I should probably save that title for when I write about my 30th high school reunion next year (that’s assuming I go–which is a very big “if”), but it seemed to be a very appropriate heading for the padded book envelope which was in the mail when I came home from work this afternoon.
A trade paperback of A Place in the Sun: The Truth Behind Jay’s Journal, by Scott Barrett, was sitting on the table just inside the front door. I had been searching– rather aggressively–for this book since before Steph and I were married, and it had been on my “want list” with AbeBooks for at least seven years. I almost needed CPR when I opened my email late last week and saw that a copy had been located. (I had just about forgotten about it.) So, the next day, I mailed a money order to Frontier Book in American Fork, Utah. And the product came today, wrapped neatly in the Sports section of the Daily Herald, the newspaper that covers Utah County, Utah.
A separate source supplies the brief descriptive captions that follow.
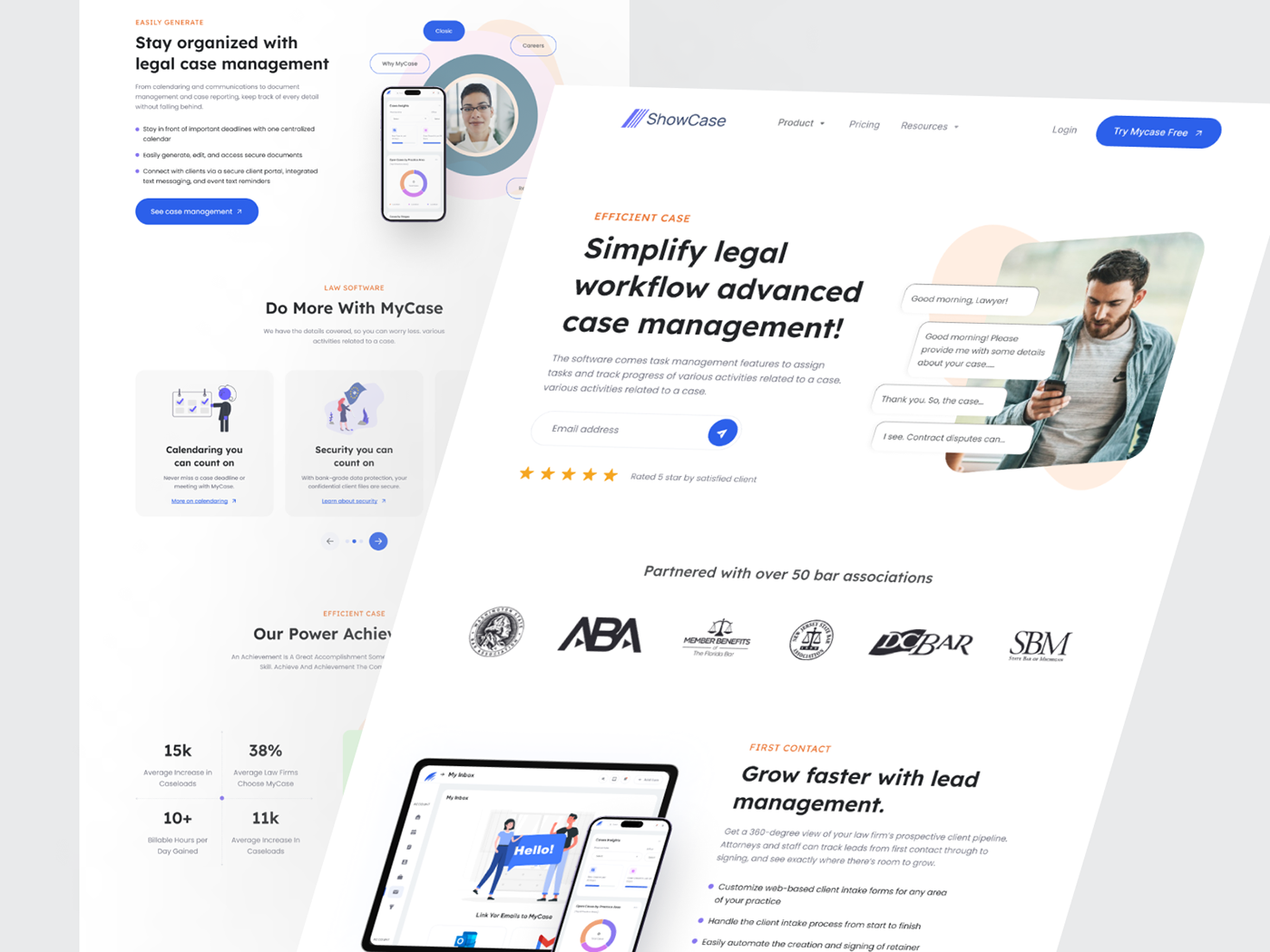advocate attorney landing page Website consultancy Justice law firm lawyer Web Design  ui ux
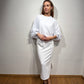 Annora Sweater Skirt white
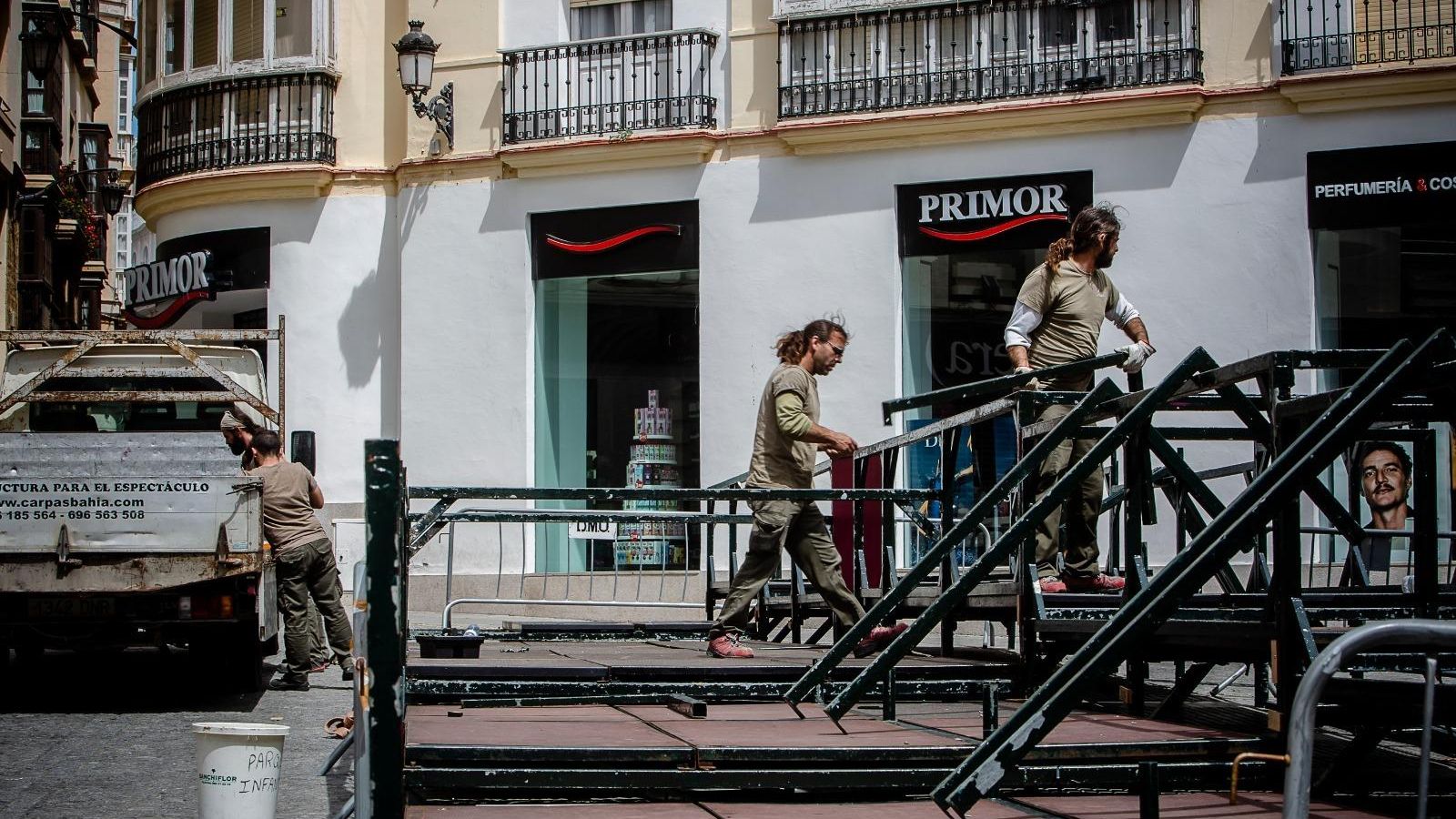 Labores de desmontaje de los palcos del Palillero, esta semana Labores de desmontaje de los palcos del Palillero, esta semana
From whence cometh the disappointment? I haven’t begun to read it yet, so I probably should rein in all my initial deflation, but I am very displeased by the finished product. In the first two pages alone typographical errors were jumping out at me like flares (one of the epigraphs was–I kid you not–“…turn… turn… turn…” by “The Birds”). This was without even consciously looking for them! I tried to remind myself that maybe my work as a typesetter and proofreader had made me hard-wired to look for mistakes like that on a subconscious level, but I don’t think so.
And should I let that cloud the purpose of the book? The author, Scott Barrett is the brother of the late Alden Barrett, who committed suicide in Pleasant Grove, Utah in 1971. Alden’s family wanted to make some sense out of such a tragedy, and maybe in so doing save another family from such grief and horror by educating them about how to ward off suicide before it happened.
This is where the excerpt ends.